### Provided records
[Start of Attachment]

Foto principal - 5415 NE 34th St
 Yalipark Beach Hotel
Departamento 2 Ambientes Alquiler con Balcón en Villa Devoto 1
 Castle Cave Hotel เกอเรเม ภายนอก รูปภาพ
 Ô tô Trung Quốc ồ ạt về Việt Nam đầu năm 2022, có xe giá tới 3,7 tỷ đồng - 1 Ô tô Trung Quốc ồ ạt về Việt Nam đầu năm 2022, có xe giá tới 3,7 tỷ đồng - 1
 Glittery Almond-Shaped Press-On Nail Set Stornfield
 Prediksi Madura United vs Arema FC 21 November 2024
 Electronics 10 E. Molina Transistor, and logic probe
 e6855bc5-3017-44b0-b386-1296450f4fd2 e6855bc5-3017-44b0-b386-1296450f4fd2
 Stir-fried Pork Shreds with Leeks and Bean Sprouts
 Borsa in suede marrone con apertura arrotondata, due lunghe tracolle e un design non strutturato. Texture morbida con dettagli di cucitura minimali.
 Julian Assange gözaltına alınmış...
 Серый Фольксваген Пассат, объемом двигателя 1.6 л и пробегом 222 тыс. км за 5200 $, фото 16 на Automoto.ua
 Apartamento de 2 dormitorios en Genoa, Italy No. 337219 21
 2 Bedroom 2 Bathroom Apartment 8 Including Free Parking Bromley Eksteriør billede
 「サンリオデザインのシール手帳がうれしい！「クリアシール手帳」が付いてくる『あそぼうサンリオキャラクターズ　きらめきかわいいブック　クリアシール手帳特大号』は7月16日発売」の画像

[End of Attachment]

### Required action
Determine how many lines in the preceding records include the word "Hotel". The answer is that number alone.

### Output of the task
2